Republic of the Philippines SUPREME COURT Manila

FIRST DIVISION
G.R. No. 104189 March 30, 1993 AMELIA LAROBIS, petitioner, vs. COURT OF APPEALS and the PEOPLE OF THE PHILIPPINES, respondents. Francisco D. Alas for petitioner. The Solicitor General for public respondents. QUIASON, J.: This is a petition for review on certiorari under Rule 45 of the Revised Rules of Court of the decision of the Court of Appeals in CA-G.R. CR No. 10507, entitled "Amelia Larobis v. Hon. Rodrigo F. Lim, Jr., at al." promulgated on November 20, 1991 and the resolution of the same Court dated January 22, 1992, denying the motion for reconsideration of said decision. In CA-G.R. No. 10507, the Court of Appeals affirmed the decision of the Regional Trial Court, ManoloFortich, Bukidnon, Br.

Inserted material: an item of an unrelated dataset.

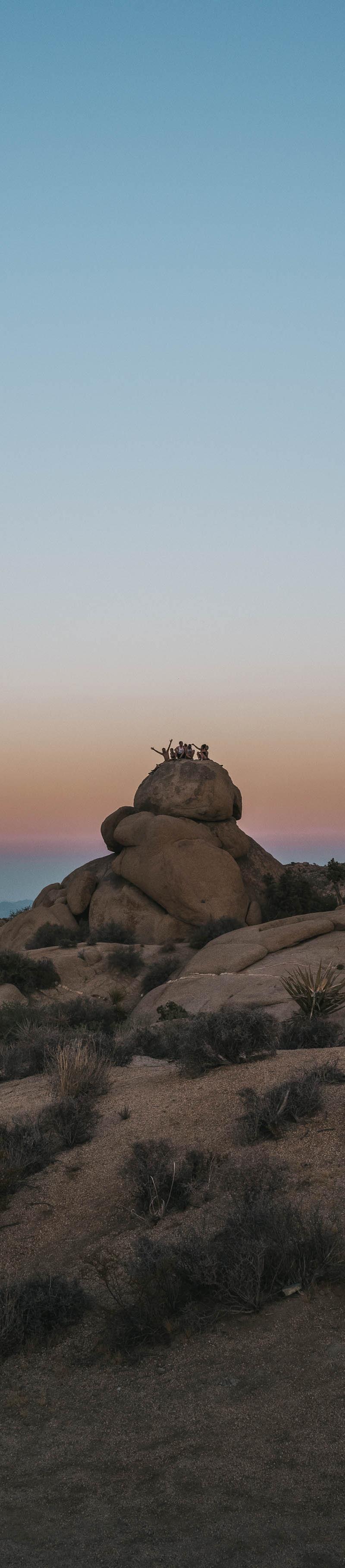 Joshua Tree
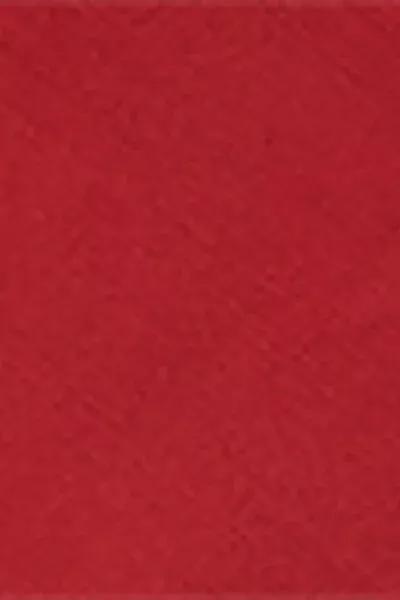 Red Shiny Satin Swimsuit, 5501_156E, large image number 4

XI, in Criminal Case No. 979 insofar as it found petitioner guilty of the crime of grave oral defamation but it modified the penalty imposed on petitioner to an imprisonment of "three (3) months of arresto mayor as minimum and one year and eight (8) months of prision correccional as maximum." In Criminal Case No. 979, the Regional Trial Court rendered its decision dated January 9, 1991, affirming in toto the decision of the 2nd Municipal Circuit Trial Court of Manolo Fortich-Libona, Bukidnon, finding petitioner herein guilty beyond reasonable doubt of the crime of grave oral defamation and (a) sentencing her to suffer an imprisonment of an "Indeterminate Sentence of four (4) months and one (1) day of arresto mayor in its maximum period to one (1) year and one (1) day of prision correccional minimum period", and (b) ordering her to pay the complainant the amounts of (i) P1,500.00 as attorney's fees, (ii) P3,500.00 as moral damages, and (iii) P100.00 as cost. (Rollo, p. 19) The Court of Appeals and two trial courts found that petitioner had shouted, within hearing distance of several persons, the following words calculated to humiliate and to cast aspersion on the complainant:

LIMBONGAN, MARO NGA MAGTUTUDLO, PATAY GUTOM, TIGULANG GIUBAN NA, BOGOK, HUGAWAN, IPASALBIDS KA NAKO NI DODONG AMORA. ("You are a cheat, a dishonest teacher, you are dead hungry, an old person with gray hair, dull, dirty, I will have you salvage(d) by Dodong Amora.") (Rollo, pp. 16 & 18)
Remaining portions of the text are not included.